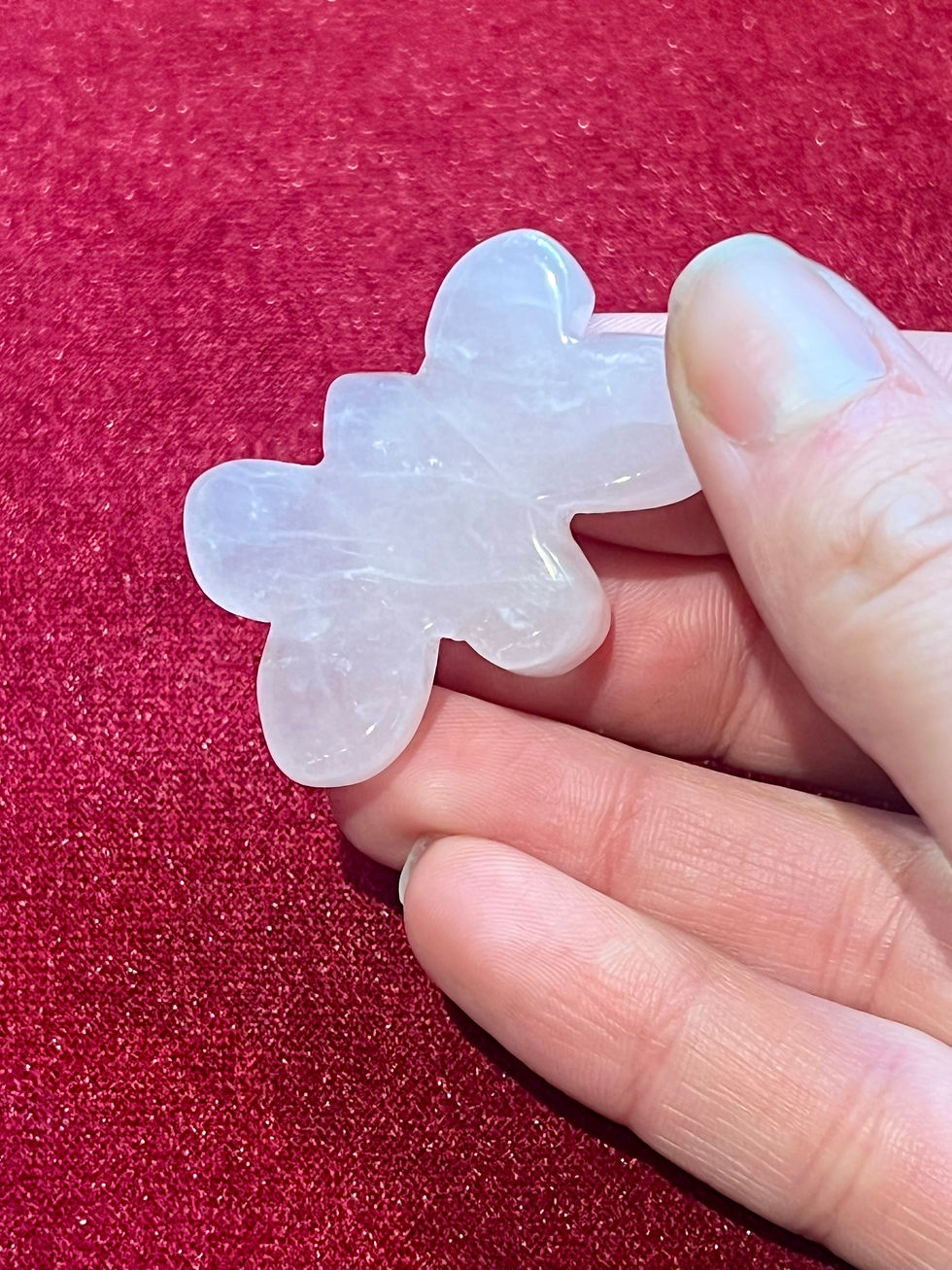 Thumbnail: Rose Quartz Bee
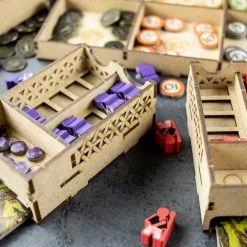 The Dicetroyers - Glen More II: Chronicles (Italy Import) Import Games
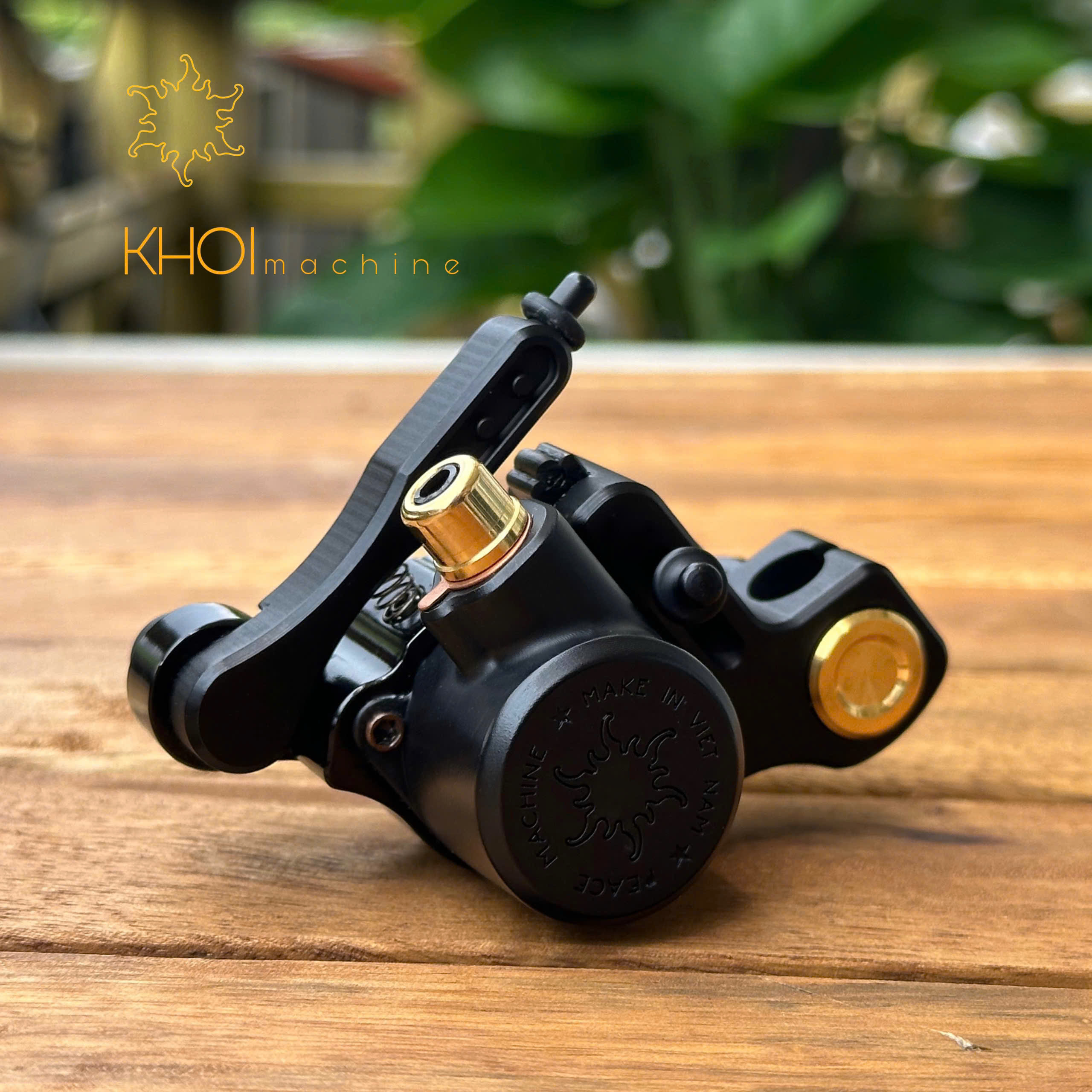 KHOI machine - Ảnh 4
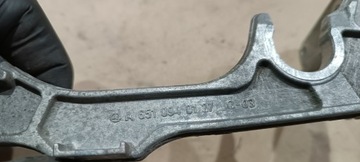 DRŽÁK DRŽÁKY FILTRU VZDUCHU MERCEDES E TŘÍDA W212 2.2 CDI 09-16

- _Brief_
Every word of the data should be reproduced exactly; please omit any pictures.

- _Written reply_
 Thumbnail: Rose Quartz Bee
 The Dicetroyers - Glen More II: Chronicles (Italy Import) Import Games
 KHOI machine - Ảnh 4
 DRŽÁK DRŽÁKY FILTRU VZDUCHU MERCEDES E TŘÍDA W212 2.2 CDI 09-16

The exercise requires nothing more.